Honeymooning in an hotel in London, the newlyweds then returned to the village to reside in his family home, with his father at 27 Mill Street.

In 1963, with two young children, the family of four moved to Cambridge for the convenience of Wally reaching work, and Wally remembers purchasing a black and white television set then. It wasn’t until the family’s return to Gamlingay that they had colour television.
In 1967, when the new houses of School Close were under construction, the family returned to Gamlingay and purchased 7 School Close. Wally and his wife are still here, although their two daughters have moved away.

Socially, Wally became involved with many of the village groups, and with his older brother, Jack, gave up some of his spare time to raise money for the building of the Community Centre. Jack designed the building, but Wally recreated the plans as a 3d model which was then paraded on a gala float for the villagers to see. This model allowed all to see what their money was going towards.

Not purchasing his first car until returning to Gamlingay, Wally and family often travelled by bus and remembers getting stuck in the snow in the winter of 1963 on their attempted return from Biggleswade to Cambridge.
Brother Jack owned a car, and also worked in Cambridge, though for the County Council as an architectural draughtsman after being in private practice until the Principal died. The two brothers travelled into Cambridge together for some years, and Betty Fuller was also able to get a lift, making it more convenient for her travelling in to her Bursar’s Secretarial position in Trinity College.

In 1976, when members of the Working Men’s Club wanted to extend their club with a lounge and alter the toilets, Wally designed the new space. It was originally an L shaped building of wooden construction, and that building had been purchased in Cardington, and transported by horse and cart to the village. It originally had a corrugated iron roof. The building was transformed by the modernisation, and the club we see today has once again been through extensive refurbishment within the last eighteen months. Shortly after involving himself in the extension, Wally took over as treasurer.
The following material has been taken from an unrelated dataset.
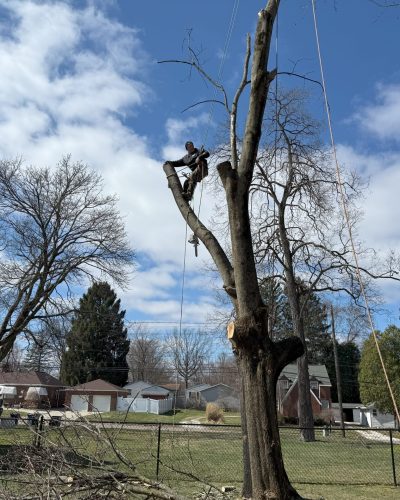 kirtland ohio tree removal image showing kirtland ohio tree removal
Apart from a short break, he remains involved even now.

1977 also saw him become Treasurer of the bowls Club, taking it over from the then Headmaster, Mr Robinson when he became unwell. Wally and his wife were both members of the team. The bowling green was originally located behind the Conservative Club on Waresley Road, and it moved to its present location when the playing fields were opened, providing far more space for the green. He remembers organising the Annual end of season dinner and dance at which up to 200 villagers attended and during the evening the yearly trophies were presented.

Wally was also treasurer of the British Legion in 1979, a position he still holds and has seen various secretaries, including Vic Dennis and Geoff Dickerson. Vic and Geoff organised the annual poppy day collection, a position now held by Sebastian Kindersley.

I am struck by the variety of social activities Wally has volunteered his time to support over the years, and the similarity with today is uncanny. There are many more living in Gamlingay than when Wally first left school, sought work and settled as a working, married man, but now as then, only a few members of our community offer their time to support and ensure there is a variety of activities available for us all to enjoy in our leisure time within Gamlingay. So, thank you Wally, not only for letting me follow the thread of your life from school through work and into your active retirement within the village, but also for enriching the lives of other villagers by this continued involvement over the years.